# [Work instructions]
Beginning with the line that has "Casa Vacanze Little" and ending with the line that has "Std P-817 Kırmızı Delgeç", retype the entries below exactly, except for the pictures.
[Opening Available records section]
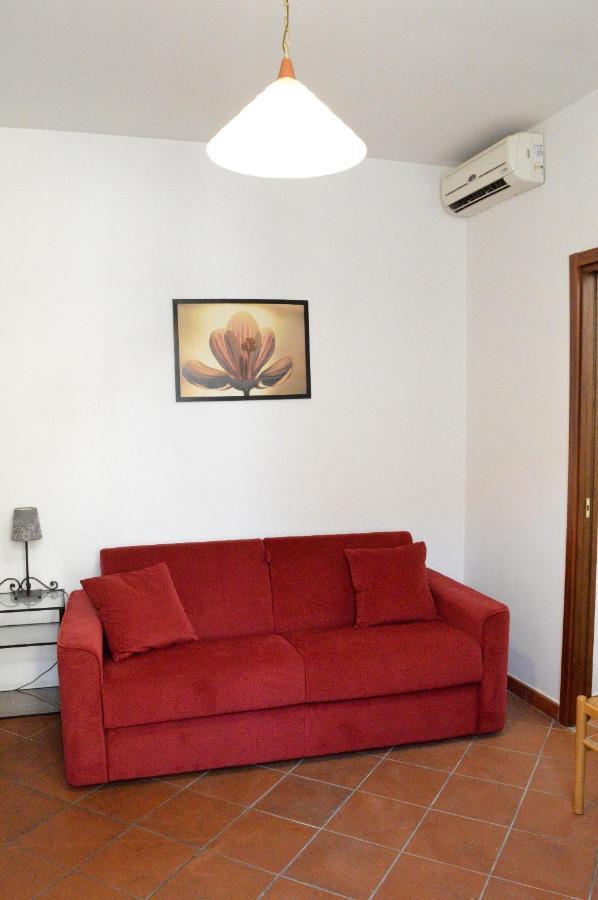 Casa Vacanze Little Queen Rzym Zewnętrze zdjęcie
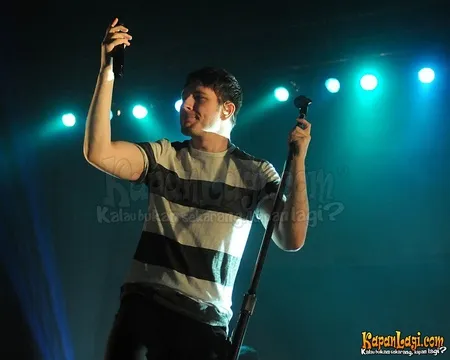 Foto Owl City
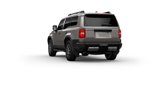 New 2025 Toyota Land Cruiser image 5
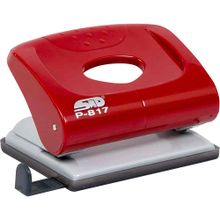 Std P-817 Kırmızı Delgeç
[Closing Available records section]
[Opening Available records section]
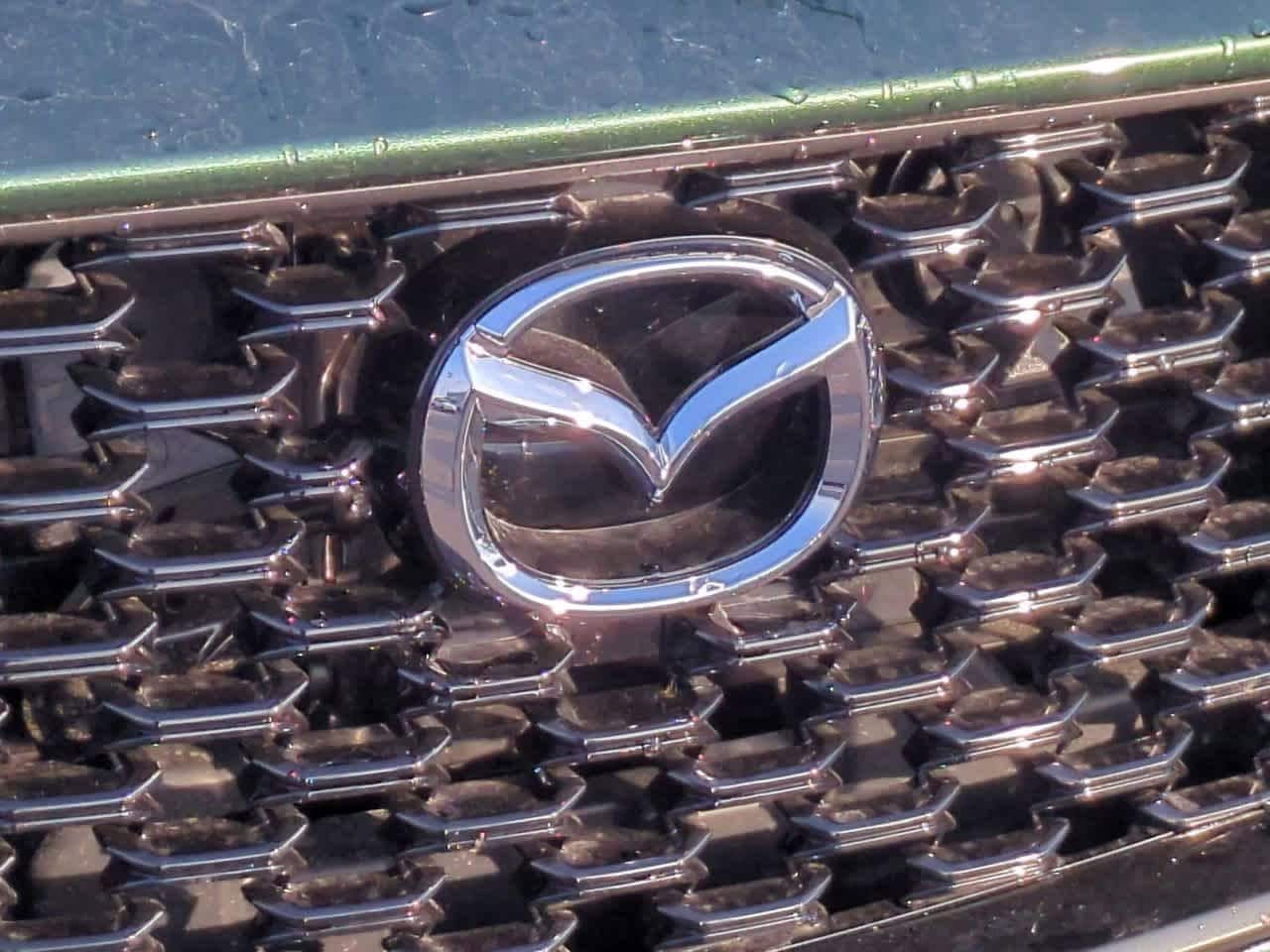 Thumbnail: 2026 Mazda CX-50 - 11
[Closing Available records section]
# [Response box]
 Casa Vacanze Little Queen Rzym Zewnętrze zdjęcie
 Foto Owl City
 New 2025 Toyota Land Cruiser image 5
 Std P-817 Kırmızı Delgeç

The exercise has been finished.